+\subsection{Foreign Contents:}
+
+Only relevant if $\patchof{C} = \bot$, and in that case Totally
+Foreign Contents applies. $\qed$
+
+\section{Create Base}
+
+Given $L$, create a Topbloke base branch initial commit $B$.
+\gathbegin
+ B \hasparents \{ L \}
+\gathnext
+ \patchof{B} = \pqn
+\gathnext
+ D \isin B \equiv D \isin L \lor D = B
+\end{gather}
+
+\subsection{Conditions}
+
+\[ \eqn{ Ingredients }{
+ \patchof{L} = \pa{L} \lor \patchof{L} = \bot
+}\]
+\[ \eqn{ Create Acyclic }{
+ L \not\haspatch \pq
+}\]
+
+\subsection{No Replay}
+
+Ingredients Prevent Replay applies. $\qed$
+
+\subsection{Unique Base}
+
+Not applicable.
+
+\subsection{Tip Contents}
+
+Not applicable.
+
+\subsection{Base Acyclic}
+
+Consider some $D \isin B$. If $D = B$, $D \in \pqn$.

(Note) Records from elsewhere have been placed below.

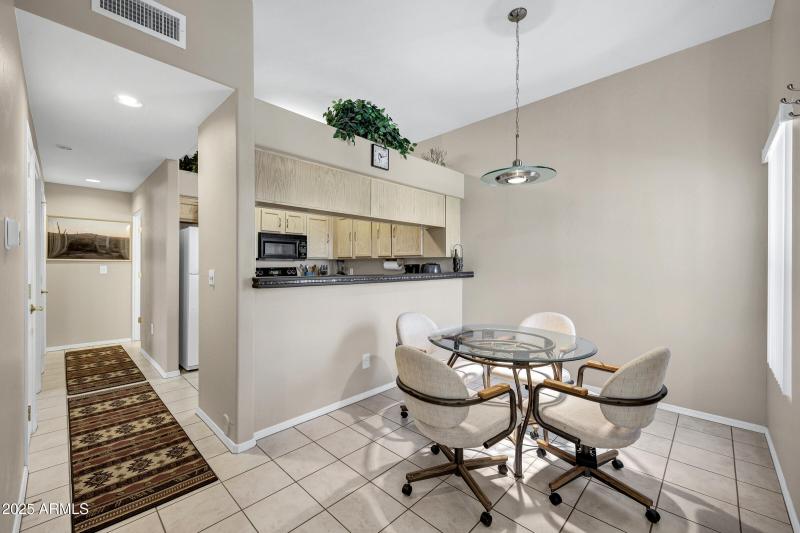 Dining/Kitchen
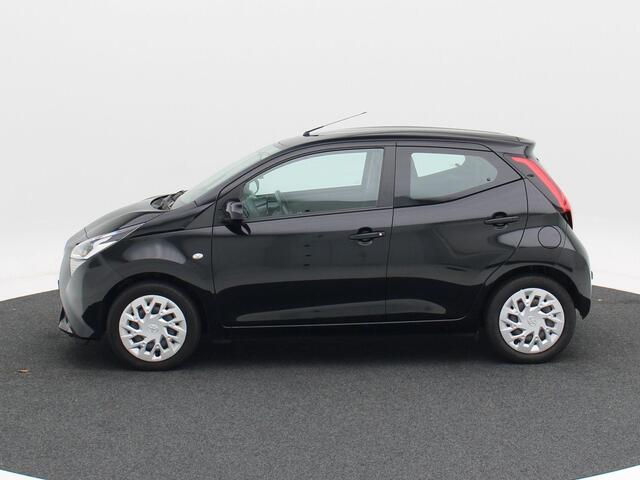 Toyota AYGO 1.0 VVT-i Automaat x-play | Bluetooth | Trekhaak | Camera | Carplay | 79.228 Km!!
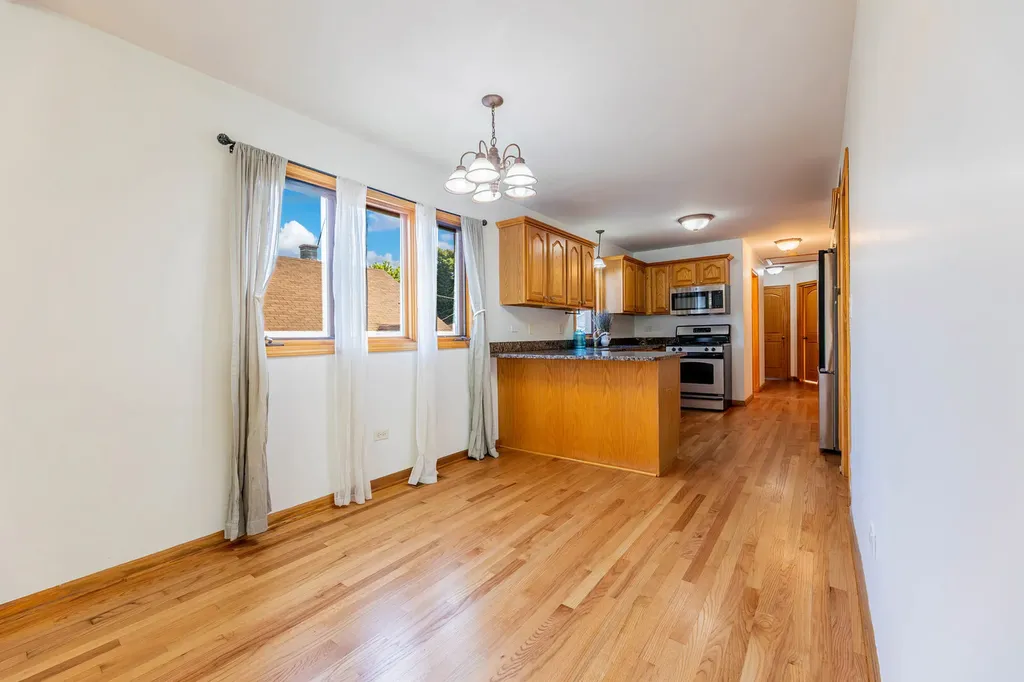 4827 South Linder Avenue Chicago IL 60638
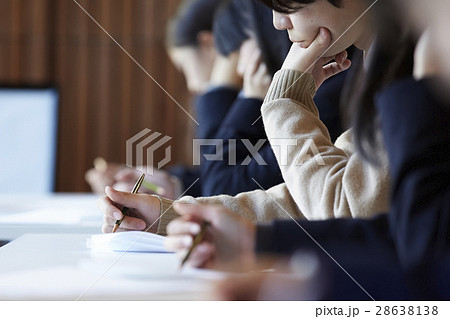 受験会場 試験を受ける学生たち 受験会場 試験を受ける学生たち 28638138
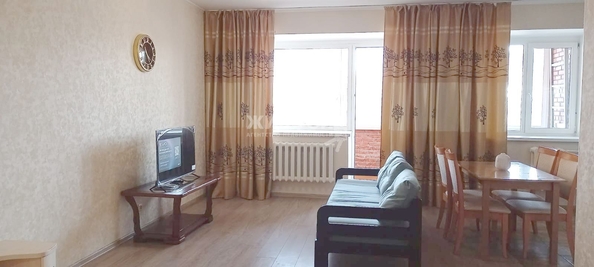 
  Сдам в аренду 1-комнатную квартиру, 46 м², Томск

. Фото 2.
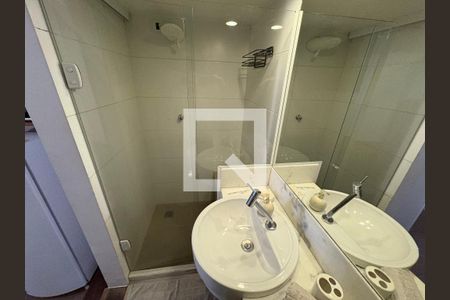 Casa à venda com 571m², 8 quartos e 3 vagasBanheiro suíte 4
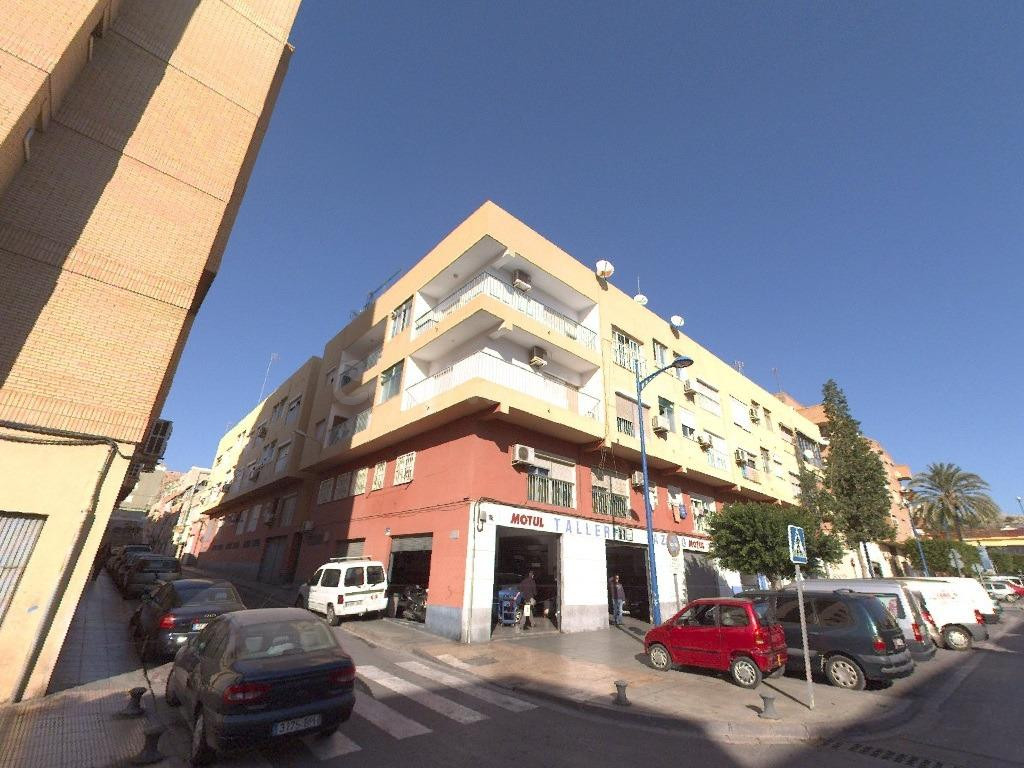 Se vende Piso OKUPADO en Calle Lastre 2 Almería, (Almería). - foto 4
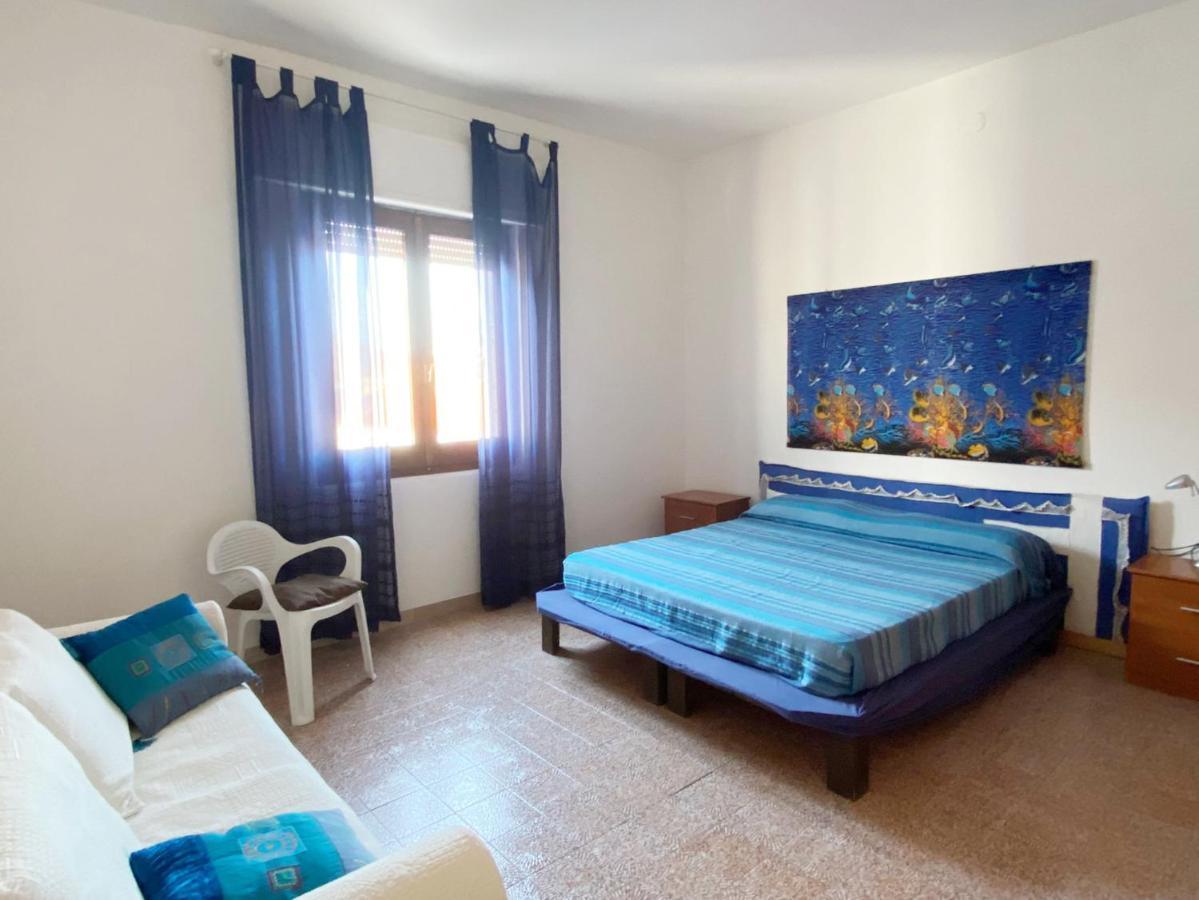 I Fenicotteri - Appartamenti Sul Mare Calasetta Exterior foto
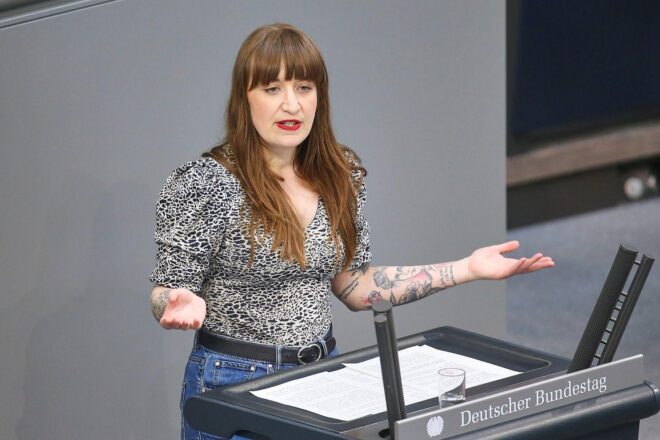 Reichinnek wirft Koalition "ein Jahr Chaos" vor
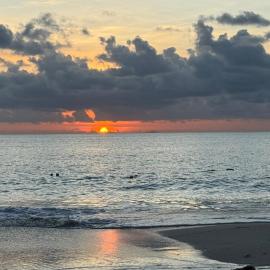 Sunset Cove, hotel di Jolly Harbour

+If $D \neq B$, $D \isin L$, and by Create Acyclic
+$D \not\in \pqy$. $\qed$
+
+\subsection{Coherence and Patch Inclusion}
+
+Consider some $D \in \p$.
+$B \not\in \py$ so $D \neq B$. So $D \isin B \equiv D \isin L$
+and $D \le B \equiv D \le L$.
+
+Thus $L \haspatch \p \implies B \haspatch P$
+and $L \nothaspatch \p \implies B \nothaspatch P$.
+
+$\qed$.
+
+\subsection{Foreign Inclusion}
+
+Simple Foreign Inclusion applies. $\qed$
+
+\subsection{Foreign Contents}
+
+Not applicable.
+
+\section{Create Tip}
+
+Given a Topbloke base $B$, create a tip branch initial commit B.
+\gathbegin
+ C \hasparents \{ B \}
+\gathnext
+ \patchof{B} = \pqy
+\gathnext
+ D \isin C \equiv D \isin B \lor D = C
+\end{gather}
+
+\subsection{Conditions}
+
+\[ \eqn{ Ingredients }{
+ \patchof{B} = \pqn
+}\]
+\[ \eqn{ No Sneak }{
+ \pendsof{B}{\pqy} = \{ \}
+}\]
+
+\subsection{No Replay}
+
+Ingredients Prevent Replay applies. $\qed$
+
+\subsection{Unique Base}
+
+Trivially, $\pendsof{C}{\pqn} = \{B\}$ so $\baseof{C} = B$. $\qed$
+
+\subsection{Tip Contents}
+
+Consider some arbitrary commit $D$. If $D = C$, trivially satisfied.
+
+If $D \neq C$, $D \isin C \equiv D \isin B$.
+By Base Acyclic of $B$, $D \isin B \implies D \not\in \pqy$.
+So $D \isin C \equiv D \isin \baseof{B}$.
+
+$\qed$
+
+\subsection{Base Acyclic}
+
+Not applicable.
+
+\subsection{Coherence and Patch Inclusion}
+
+$$
+\begin{cases}
+ \p = \pq \lor B \haspatch \p : & C \haspatch \p \\
+ \p \neq \pq \land B \nothaspatch \p : & C \nothaspatch \p
+\end{cases}
+$$
+
+\proofstarts
+~ Consider some $D \in \py$.
+
+\subsubsection{For $\p = \pq$:}
+
+By Base Acyclic, $D \not\isin B$. So $D \isin C \equiv D = C$.
+By No Sneak, $D \le B \equiv D = C$. Thus $C \haspatch \pq$.
+
+\subsubsection{For $\p \neq \pq$:}
+
+$D \neq C$. So $D \isin C \equiv D \isin B$,
+and $D \le C \equiv D \le B$.
+
+$\qed$
+
+xxx up to here
+